The "Me Too" Movement, which brought widespread national attention to the issues of sexual assault and harassment, was selected as Time magazine's Person of the Year for 2017. Former San Francisco 49ers quarterback Colin Kaepernick was a finalist.
Time confirmed the choice of the "Silence Breakers" on Wednesday morning:
"For giving voice to open secrets, for moving whisper networks onto social networks, for pushing us all to stop accepting the unacceptable, the Silence Breakers are the 2017 Person of the Year," Time editor-in-chief Edward Felsenthal wrote.
Kaepernick became a household name during the 2016 NFL preseason when he refused to stand for the United States national anthem as a form of protest against racial injustice. He explained his actions, which have been replicated by athletes across sports, to Steve Wyche of NFL Media.
"I am not going to stand up to show pride in a flag for a country that oppresses black people and people of color," he said in August 2016. "To me, this is bigger than football, and it would be selfish on my part to look the other way. There are bodies in the street and people getting paid leave and getting away with murder."
The 30-year-old Wisconsin native, who attended the University of Nevada before getting picked by the Niners in the second round of the 2011 draft, opted out of his contract with the organization in March and has remained a free agent ever since with the 2017 regular season nearing its conclusion.
That's led many fellow NFL players, including Seattle Seahawks cornerback Richard Sherman, to suggest Kaepernick is being "blackballed" for leading the anthem movement.

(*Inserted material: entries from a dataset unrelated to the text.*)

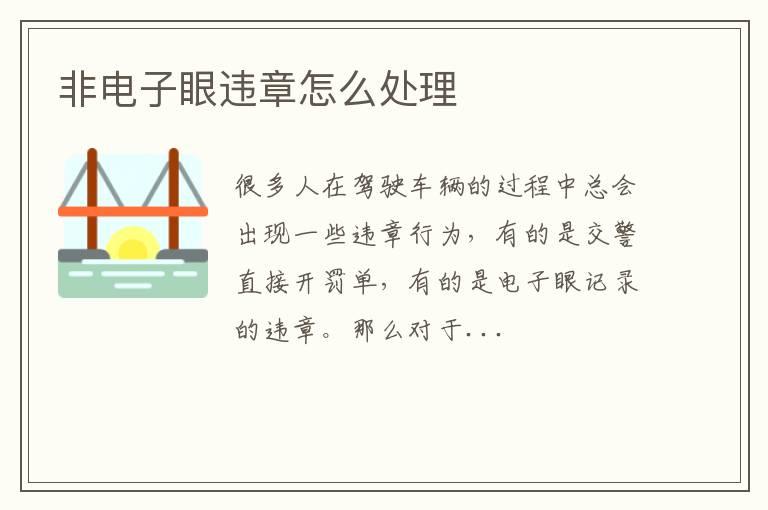 非电子眼违章怎么处理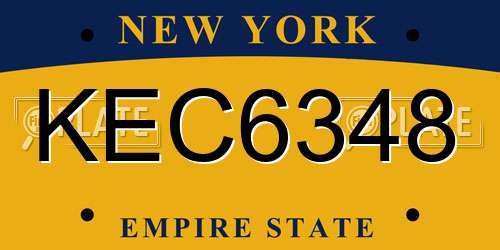 KEC6348 New York License Plate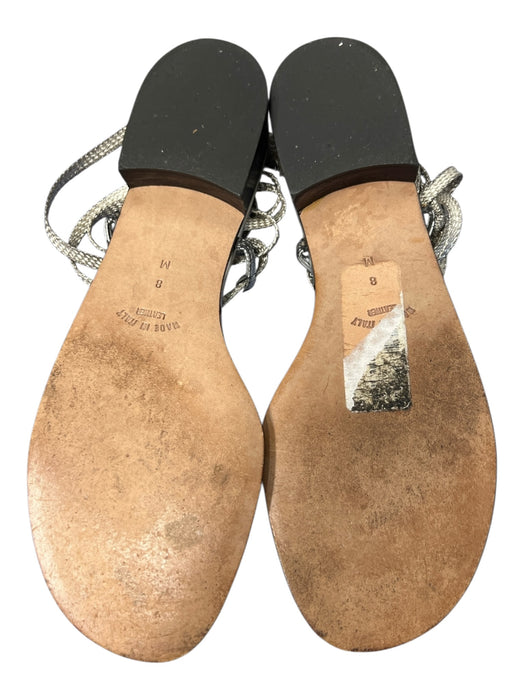 YSL Shoe Size 8 Silver Leather Open Toe & Heel Ankle Wrap Heel Thong Shoes Silver / 8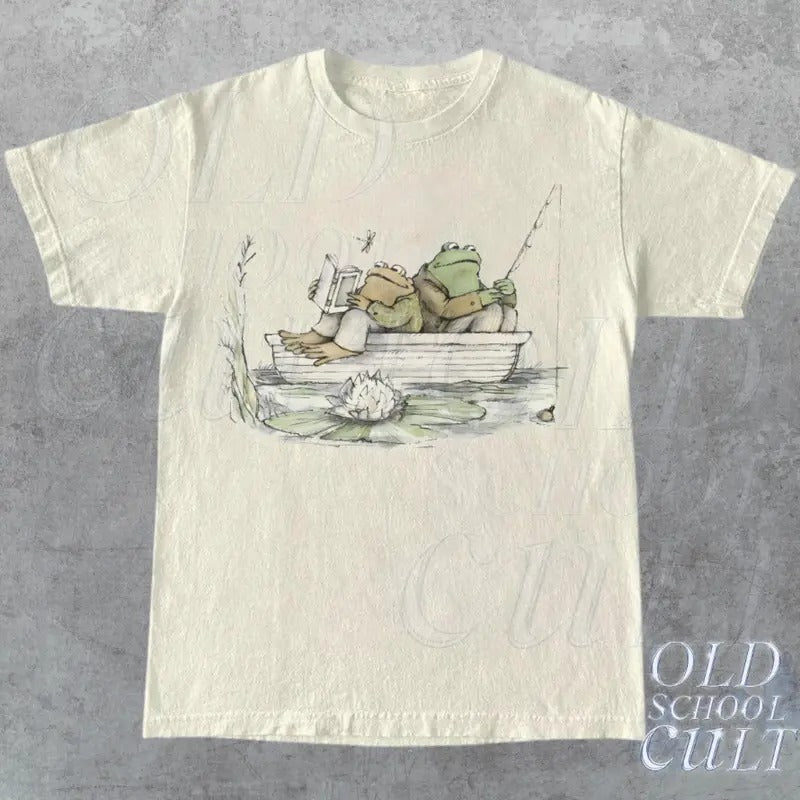 Frog 90s Vintage Graphic Shirt, Retro Toad Tee, Nature Shirt, 2000s Frog T-Shirt, Book Lovers Shirt, Vintage Unisex Oversize Cotton Tee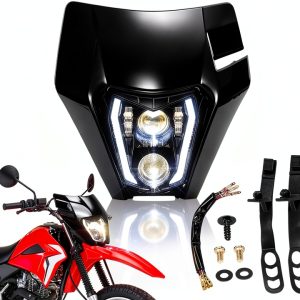 CHANGCHENG LED Headlight Universal Fit with Turn Signals – Black/White-0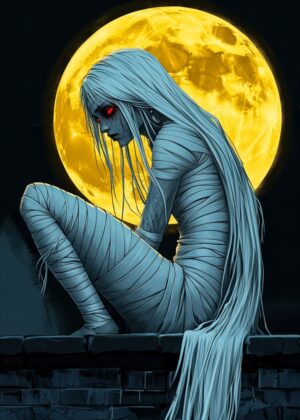 Mummy Woman Under the Moon - Premium Wooden Framed Poster. Ready to Hang.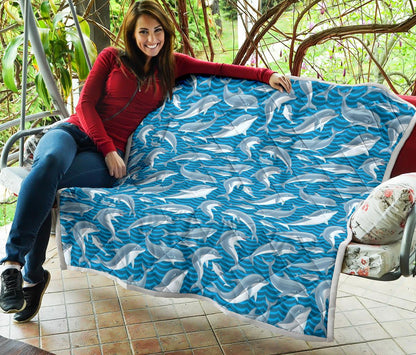 Dolphin Cute Print Pattern Premium Quilt-JTAMIGO.COM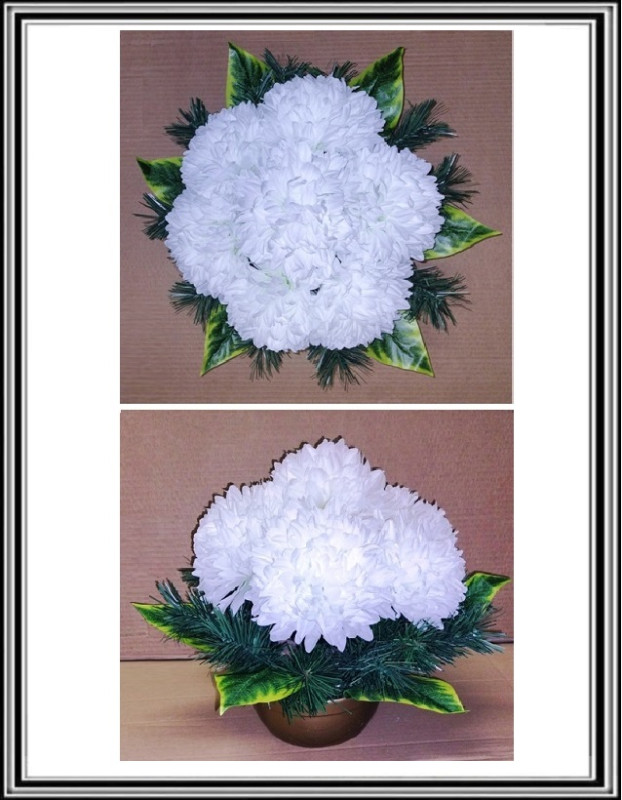 Umelé chryzantémy v plastovej miske 18 cm 7 veľkých 15 cm hláv biela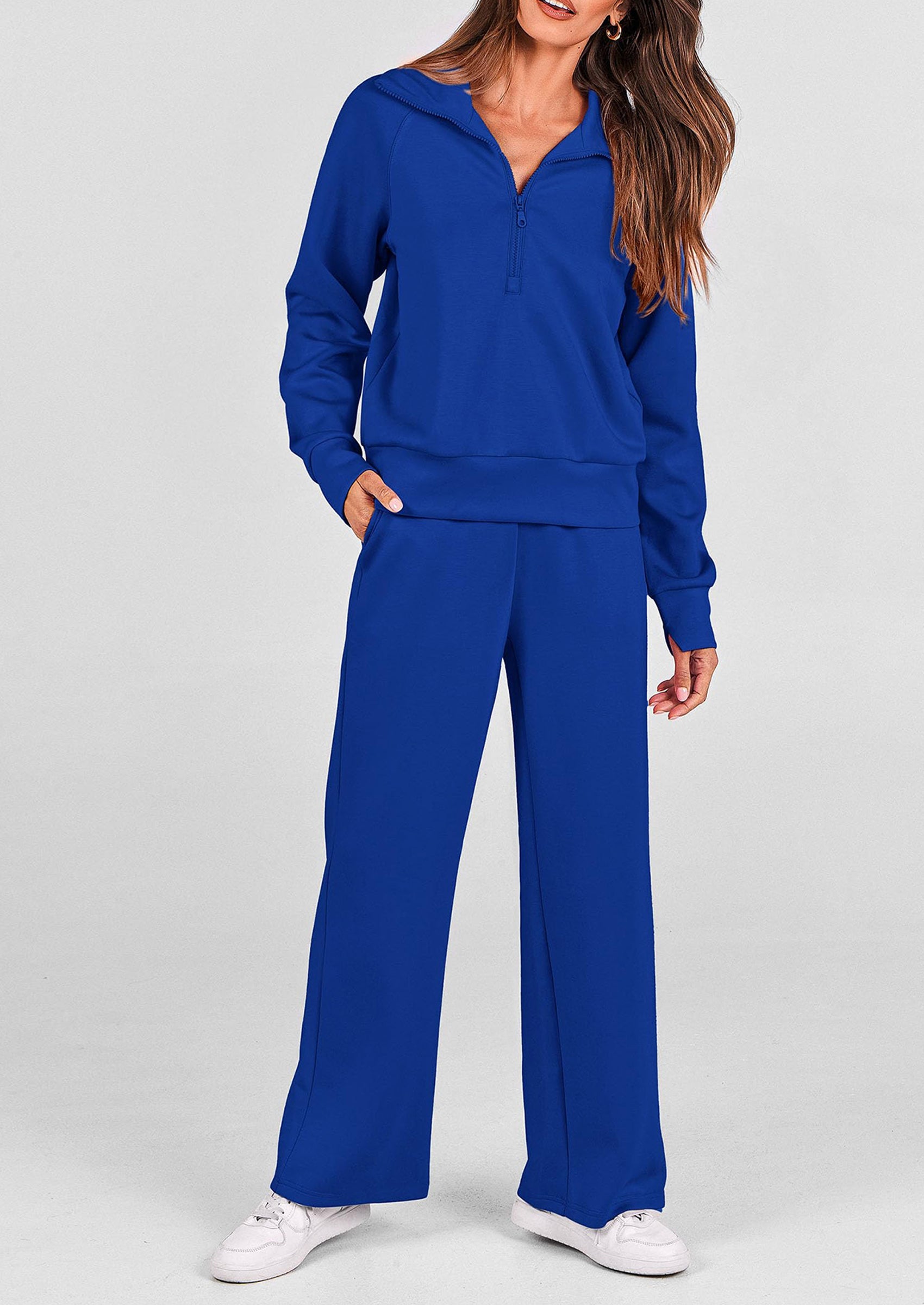 PRETTYGARDEN Women's 2 Piece Outfits Casual Lapel Half Zip Sweatshirts And Wide Leg Pants Tracksuit Sets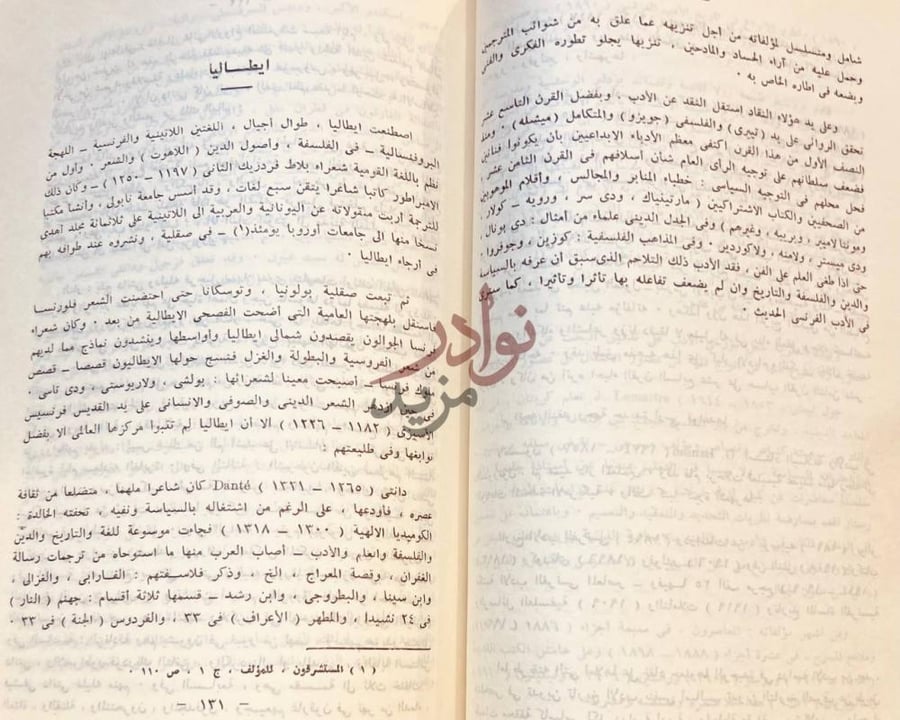 صفحة داخلية كتاب من الادب المقارن ايطاليا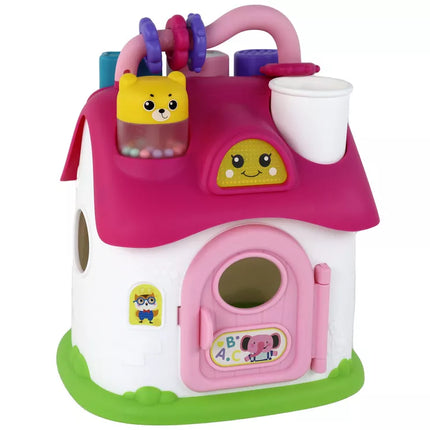 Rūšiuoklio namelis interaktyvus rožinis edukacinis galvosūkis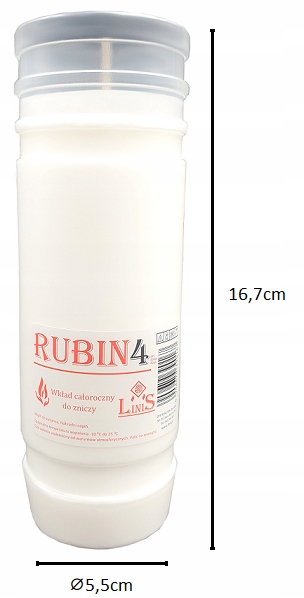 Wkłady do zniczy Parafinowe Wiosna Lato Rubin 4 + Zapalarka GRATIS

"I'm sure he is," Sherman said on ESPN's First Take in March. "It's difficult to see because he's played at such a high level, and you see guys, quarterbacks, who have never played at a high level being signed by teams. So it's difficult to understand.
"Obviously he's going to be in a backup role at this point. But you see quarterbacks, there was a year Matt Schaub had a pretty rough year and got signed the next year. So it has nothing to do with football. You can see that. They signed guys who have had off years before."
NFL Commissioner Roger Goodell downplayed that line of thinking in July, telling reporters the QB's free-agent status was among the "independent decisions that clubs make."
Meanwhile, Kaepernick made a $1 million pledge to support "organizations working in oppressed communities." He's been named GQ's Citizen of the Year and was the winner of Sports Illustrated's Muhammad Ali Legacy Award.